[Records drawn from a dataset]
*** Block opens ***

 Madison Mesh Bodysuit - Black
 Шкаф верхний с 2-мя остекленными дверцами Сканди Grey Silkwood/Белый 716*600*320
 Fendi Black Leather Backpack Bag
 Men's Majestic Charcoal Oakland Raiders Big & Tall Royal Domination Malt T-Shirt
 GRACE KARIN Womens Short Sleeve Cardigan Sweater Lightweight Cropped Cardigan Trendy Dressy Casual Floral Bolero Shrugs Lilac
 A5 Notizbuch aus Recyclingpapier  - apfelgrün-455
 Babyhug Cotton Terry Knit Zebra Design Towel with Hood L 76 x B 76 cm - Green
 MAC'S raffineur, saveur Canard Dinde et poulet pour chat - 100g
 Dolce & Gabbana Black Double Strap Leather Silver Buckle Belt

*** Block closes ***
*** Block opens ***

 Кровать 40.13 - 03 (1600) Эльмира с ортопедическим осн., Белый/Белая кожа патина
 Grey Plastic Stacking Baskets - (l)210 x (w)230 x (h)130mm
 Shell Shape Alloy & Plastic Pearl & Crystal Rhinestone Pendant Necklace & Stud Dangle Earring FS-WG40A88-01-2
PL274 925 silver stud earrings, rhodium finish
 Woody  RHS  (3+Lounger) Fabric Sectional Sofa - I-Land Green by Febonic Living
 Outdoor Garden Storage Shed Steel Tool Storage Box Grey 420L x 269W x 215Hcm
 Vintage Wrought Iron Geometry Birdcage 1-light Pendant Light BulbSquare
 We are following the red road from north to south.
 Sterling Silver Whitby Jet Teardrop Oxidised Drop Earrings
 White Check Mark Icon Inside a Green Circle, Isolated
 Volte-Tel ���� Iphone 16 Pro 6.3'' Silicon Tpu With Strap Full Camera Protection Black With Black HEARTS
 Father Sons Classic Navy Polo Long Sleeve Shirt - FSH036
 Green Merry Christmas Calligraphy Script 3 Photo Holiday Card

*** Block closes ***

* **WHAT NEEDS TO BE DONE**
Write down, word for word, the lines above from the one containing "Кровать 40.13 - 03" through the one containing "Green Merry Christmas", both ends included.

* **WRITTEN RESPONSE**
 Кровать 40.13 - 03 (1600) Эльмира с ортопедическим осн., Белый/Белая кожа патина
 Grey Plastic Stacking Baskets - (l)210 x (w)230 x (h)130mm
 Shell Shape Alloy & Plastic Pearl & Crystal Rhinestone Pendant Necklace & Stud Dangle Earring FS-WG40A88-01-2
PL274 925 silver stud earrings, rhodium finish
 Woody  RHS  (3+Lounger) Fabric Sectional Sofa - I-Land Green by Febonic Living
 Outdoor Garden Storage Shed Steel Tool Storage Box Grey 420L x 269W x 215Hcm
 Vintage Wrought Iron Geometry Birdcage 1-light Pendant Light BulbSquare
 We are following the red road from north to south.
 Sterling Silver Whitby Jet Teardrop Oxidised Drop Earrings
 White Check Mark Icon Inside a Green Circle, Isolated
 Volte-Tel ���� Iphone 16 Pro 6.3'' Silicon Tpu With Strap Full Camera Protection Black With Black HEARTS
 Father Sons Classic Navy Polo Long Sleeve Shirt - FSH036
 Green Merry Christmas Calligraphy Script 3 Photo Holiday Card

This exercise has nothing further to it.